TASK DETAILS ::
Would you return the listing exactly as written, apart from its pictures?

Start of SOURCE DATA

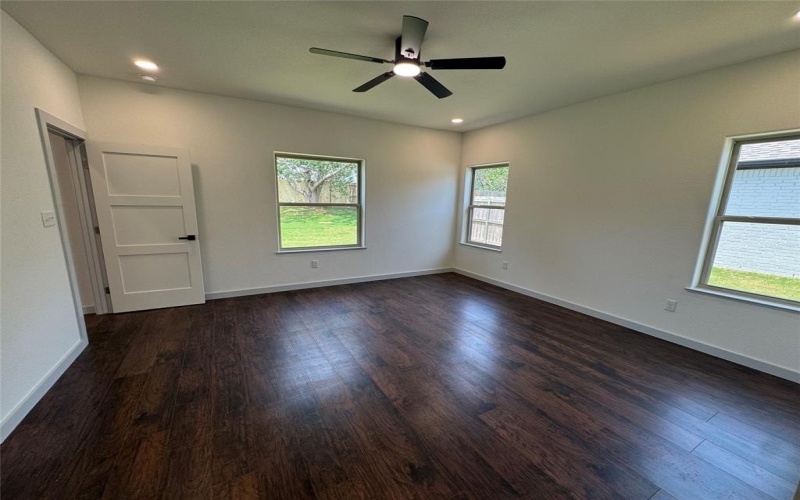 4608 Eagle Nest Court, Granbury, TX 76048, 3 Habitaciones Habitaciones , ,2 BañosBaños,Residential,En Venta,4608 Eagle Nest Court,20995515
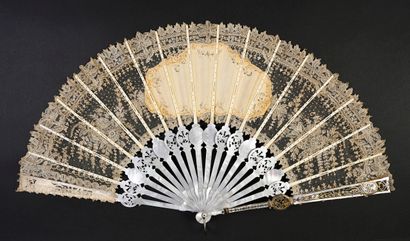 null The continence of Scipio, circa 1900
Folded fan, the needle lace leaf decorated...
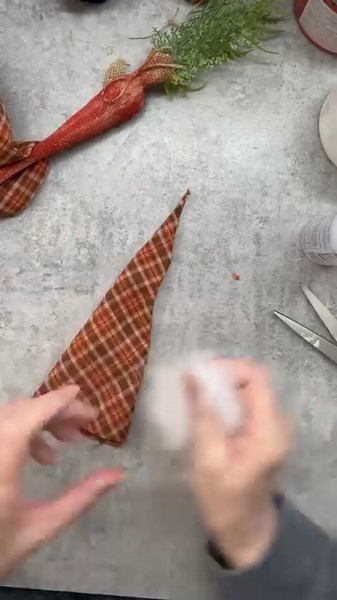 4.2K views · 155 reactions | Easy DIY Plaid Carrot /farmhouse decor If you enjoy these videos please sprinkle them out. Thankyou | Shabby Chic Vintage Vanlife Chicks | Facebook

End of SOURCE DATA

TASK ANSWER ::
 4608 Eagle Nest Court, Granbury, TX 76048, 3 Habitaciones Habitaciones , ,2 BañosBaños,Residential,En Venta,4608 Eagle Nest Court,20995515
 null The continence of Scipio, circa 1900
Folded fan, the needle lace leaf decorated...
 4.2K views · 155 reactions | Easy DIY Plaid Carrot /farmhouse decor If you enjoy these videos please sprinkle them out. Thankyou | Shabby Chic Vintage Vanlife Chicks | Facebook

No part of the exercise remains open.